İzmir’de binaların yarısı dayanıksız, yüzde 36’sı da kaçak!
İzmir’in son afet çalışmasından korkutan rakamlar ortaya çıktı. Eski yapıların ağırlıkta olduğu kentte, kentsel dönüşüm sık sık gündeme gelirken, depremlere karşı yol haritası niteliğinde olan bu çalışma, bir an önce harekete geçilmesi gerektiğini ortaya koydu.
İzmir Ekonomi Üniversitesi (İEÜ) İnşaat Mühendisliği Bölüm Başkanı Prof. Dr. Celalettin Kozanoğlu, “İzmir korkutuyor; ama korkunun ecele faydası yok” dedi.
“KENTTEKİ BİNALARIN YÜZDE 50’SİNİN KONTROL EDİLMESİ LAZIM”
Celalettin Kozanoğlu, kentteki binaların yüzde 50’sinin kontrol edilmesi gerektiğini ifade ederek, “Bu kontrol sonucunda sağlam da, yetersiz de çıkabilir. Acil kontrol edilmesi lazım; çünkü depremin ne zaman geleceği belli değil. Bu tedbirler ne kadar erken alınırsa halkımız için o kadar iyi olur” şeklinde konuştu.
Dikkat çeken rakamları paylaşan Prof. Dr. Celalettin Kozanoğlu, İzmir’de 903 bin bina stoku olduğunu aktararak, bu stokun yüzde 12’sinin 1998’den sonraki yeni deprem yönetmeliğine göre yapıldığını anlattı.
İZMİR’DEKİ BİNALARIN YÜZDE 36’SI KAÇAK ÇIKTI
Binaların yüzde 36’sının kaçak olduğunu kaydeden Kozanoğlu, bu kadar büyük kaçak oranının kendisini şaşırttığını söyledi. Kaçak yapıların, kaçak kat ya da bina şeklinde olabileceğini dile getiren Prof. Dr. Celalettin Kozanoğlu, “Bu bilgiler, İzmir Büyükşehir Belediyesi’nin afet planıyla ilgili yaptığı çalışma sonucu ortaya çıktı. İzmir’deki binaların yüzde 36’sının kaçak olduğu tespit edilmiş durumda. İzmir’de 30 ilçe var, 11’i merkez ilçe.

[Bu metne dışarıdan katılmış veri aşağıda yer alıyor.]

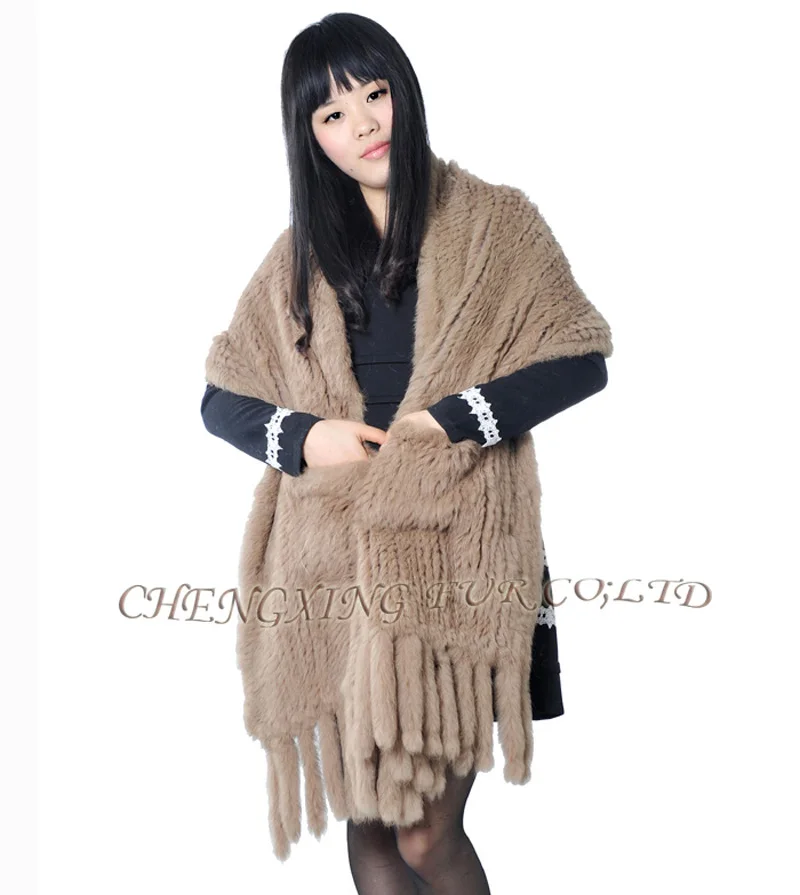 

CX-B-01D Hand knitted Rabbit Fur Cape Black Drop Shipping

Bu binaların yüzde 40’ı merkez ilçelerde toplanmış durumda. İzmir’de yapıların yüzde 52’si, 1998’den önceki deprem yönetmeliklerine göre yapıldı” ifadelerine yer verdi.
Binaların eski olmasının yıkılacağı anlamına gelmediğini paylaşan Prof. Dr. Celalettin Kozanoğlu, “O zamanın mevcut yürürlükteki deprem yönetmeliklerine göre; doğru malzeme, doğru proje, doğru uygulama yapıldıysa, binamız elbette sağlam olabilir. Eski bina, her zaman riskli bina demek değildir. Binanın eski olması, yıkılacağı anlamına asla gelmez. Elbette, İzmir’deki eski yapıların mutlaka elden geçirilmesi; uygun karotlar alınarak ve performans analizleri yapılarak kontrol edilmesi gerekir” diye konuştu.
“KONTROL EDİLMESİ GEREKEN BİNALAR SINAVI GEÇER Mİ ÇÜRÜK MÜ BİLEMEYİZ”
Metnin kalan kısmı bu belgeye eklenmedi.